Фалих Рыфкы вернулся из СССР полный энтузиазма и создал с несколькими друзьями обзорный журнал «Кадр», отказывающийся от классической демократии XIX века и предлагающий режим «дирижизма» — государственного управления экономикой.
Вопреки этим советам и намерениям, кемалистская Турция будет жить без политической полиции и без молодежной организации.
Да, коммунисты регулярно подвергались арестам, проект закона, разрешающего создание профсоюзов, был отклонен, интеллектуалов притесняли, но никакого террора в стране не было.
Принадлежность к партии не была обязательной и не давала преимуществ для получения места в администрации, в предпринимательстве или в системе образования.
Тем не менее, Народная республиканская партия формально может считаться диктаторской, как и любая единственняа в стране правящая партия.
— Если франкмасонство, — говорил Кемаль, — является организацией, отличающейся национализмом, популизмом и республиканскими взглядами, то нет необходимости в ее существовании…
Тем не менее, с масонами расправились, как расправился с ними Гитлер после своего прихода к власти.
Партия полностью подчинила себе и Союз турецких женщин.
Был ли диктатором Кемаль, который по сути дела правил страной без всякого контроля.
Да, конечно, был!
Хотя и говорил:
— В общественных делах я предпочитаю действовать в полном и искреннем согласии с моими высокопочитаемыми коллегами, чем по моему собственному усмотрению…
И как тут не вспоминть Сталина, который всегда говорил:
— Мы тут подумали и решили…
Более того, Муссолини, Гитлер и Сталин не вызывали у Кемаля восхищения и не служили примерами для подражания.

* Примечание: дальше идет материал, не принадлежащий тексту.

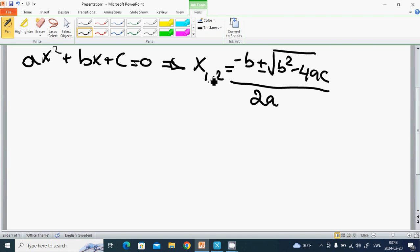If the discriminant is zero, then we have only one solution, x equals minus b divided by 2a. And if it is negative, then we have no real solutions — only two complex solutions.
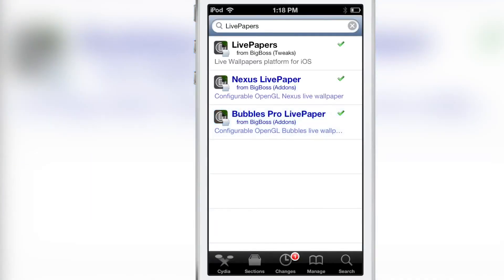So that is Live Papers, ladies and gentlemen. Let me know what you guys think in the comment section below. This is Jeff with iDownloadBlog.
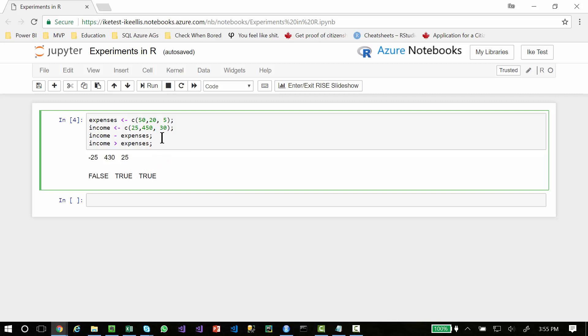But a lot of languages use something similar to that, but R has something pretty unique. I can do a comparison. I can say, I expect income to be greater than expenses. And it compares every element in the array and returns to me the results. In this case, false, true, and true.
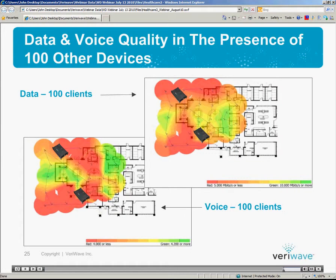To assess the network readiness to handle 100 simultaneous clients, the IT manager then deployed two WaveDeploy Wi-Fi units — one inside the facility and one in the parking lot. Together, these two WaveDeploy Wi-Fi units created a total of 100 clients and loaded the network. Clearly, we can see from the results of this test that the network is not ready to handle this challenge.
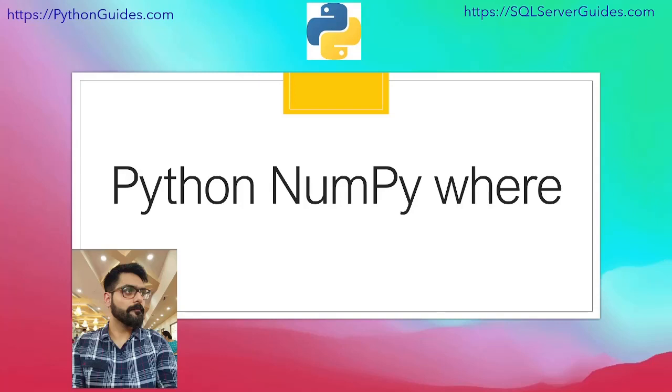Hello everyone. Welcome to Python guides. My name is Arvind and today we will discuss about Python NumPy where.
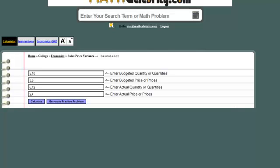Welcome to the Sales Price Variance Calculator Tutorial for MathCelebrity. The way this calculator works is fairly simple.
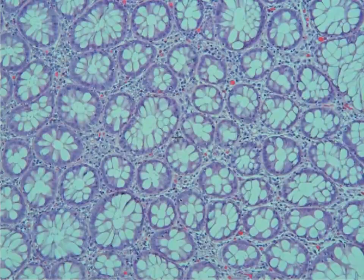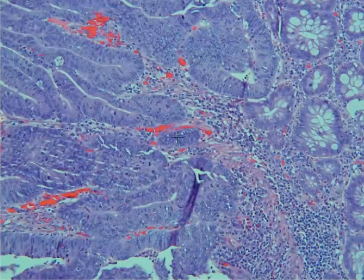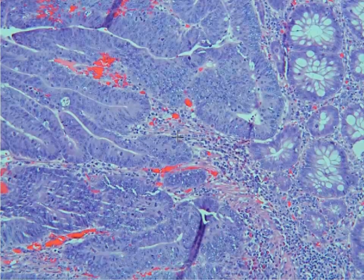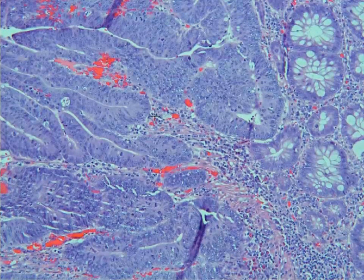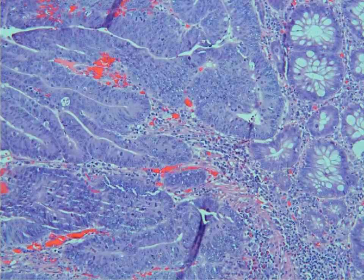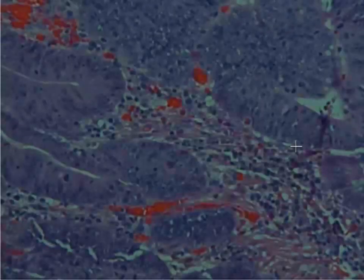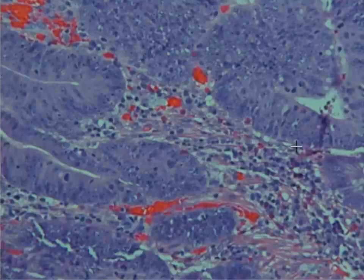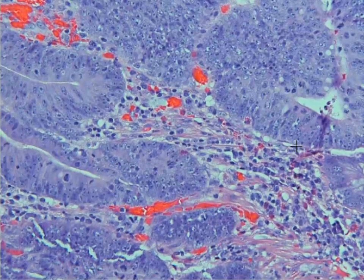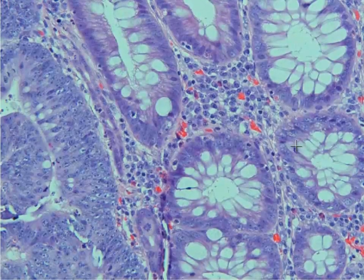Towards the edge of this is where we actually see the neoplastic colonic tissue. You can see that we no longer have the architecture we used to have with these nice rounded crypts — instead they are all distorted and falling apart.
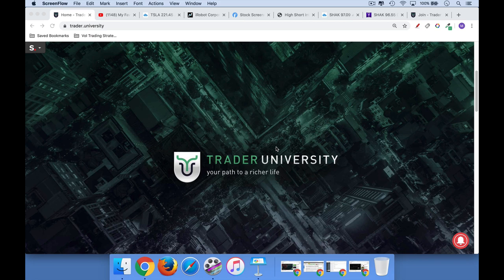Hi, this is Matthew Cratter from Trader University, and today I want to talk about high short interest stocks — what they are and how to profit from them.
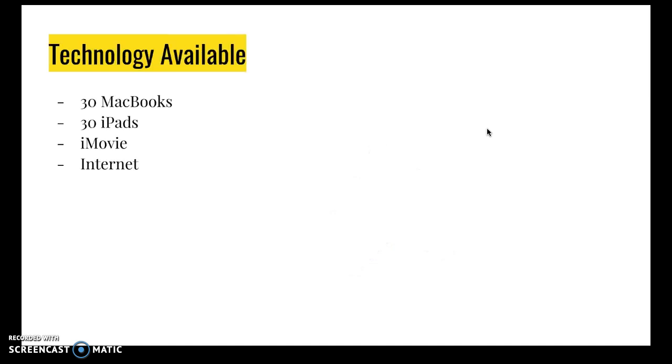So the technology we have available in order to do this is there are three laptop carts of 30 MacBooks apiece. There are two iPad carts each with 30 iPads. Everything has iMovie on it. Everything is accessible to the internet.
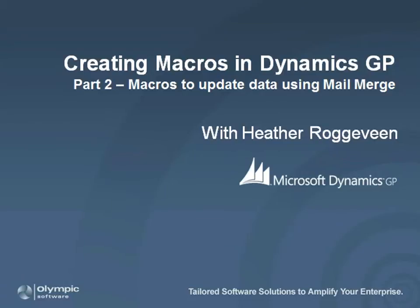Macros, combined with the mail merge functionality in Microsoft Word, can be very effectively used to do data updates in Dynamics GP.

Именно поэтому он с такой охотой принимал многочисленных беженцев с университетским образованием, евреев и неевреев, изгнанным нацистами, что обеспечило расцвет нового университета в Стамбуле.
Особенно он презирал Муссолини.
— Он был бы хорошим министром общественного труда, — как-то замеитл Кемаль.
Интересно и то, что еще в апреле 1934 года он предсказал, что «народ повесит дуче за ноги».
— Я — не диктатор, — говорил Кемаль в 1935 году американской корреспондентке, — я хочу, чтобы правительство не разбивало сердца, а завоевывало их…
А когда какой-то смельчак сказал ему:
— Всем известно, что вы — диктатор!
— Если бы я был диктатором, — усмехнулся Кемаль, — осмелились бы вы задать мне подобный вопрос?
В связи с этим возникает естественный вопрос: а могла бы Турция развиваться в то время по демократическим принципам?
Думается, вряд ли.
Да и как можно было бороться с депутатами, желавшими возрождения султаната и халифата?
Уговаривать?
Убжедать?
Кемаль пробовал, но ничего из этого не получилось.
И что он был должен сделать?
Отдать власть Рауфу и его оружению, ездившим целовать руки султану в Стамбул?
Конечно, нет, и, как показывает История, на ее самых крутых поворотах демократия обречена.
Еще до того, как экономический кризис и специфическая атмосфера тридцатых годов заставили Кемаля отступить от либерального пути, он считал, что та демократия, которую практикуют страны Европы, не может рассматриваться как цель.
— Те, кто проник в глубину человеческих отношений и познал истину, — говорил он в своей знаменитой речи «Нутук», — должны признать, что самый главный долг на земле — это поднять жизненный уровень людей и дать им образование, и, насколько это возможно, вести их к цели…
Понятно, что для достижения этой цели, по словам Кемаля, «турецкий народ не будет терпеть презренные цели и тайную подрывную деятельность предателей, трусов и космополитов, выступающих против высших интересов страны»
— Те, кто захочет встать на ее пути, — предупреждал он, — будут безжалостно раздавлены…
Подобные взгляды дали повод знаменитому французскому тюркологу Ж. Дени заменить на посвященной психологии турецкого народа Парижской конференции в 1933 году слово «демократия» на неологизм «демократизм».
— Психология турецкого народа, точнее, его руководителей, — говорил Дени, — представляет парадоксальную комбинацию покорности и революционности. Первое качество — результат военной традиции, дорогой сердцу турок, и его «альтер эго», дух дисциплины. А революционный дух присущ Кемалю и его единомышленникам…
Через несколько дней после выступления Дени Кемаль обсуждал с друзьями значение слова «революция».
После чего он продиктовал своей приемной дочери Афет:
— Революция меняет насильственным путем существующие государственные институты; после уничтожения существовавших институтов, которые тормозили развитие турецкой нации в течение нескольких веков, созданы новые институты, чтобы облегчить прогресс нации в соответствии с требованиями наиболее развитой цивилизации. В жизни государства революция стала частью наших социальных традиций…
И Афет, дабы уточнить сказанное ее отцом, записала в скобках: «Лаицизм, гражданский кодекс и демократия».
В октябре 1931 года Туцрия приняла Вторую конференцию Балканских стран.
Еще два года назад министр иностранных дел Тевфик Рюштю заявил французскому послу, что самую серьезную угрозу для Турции представляет Союз балканских славян.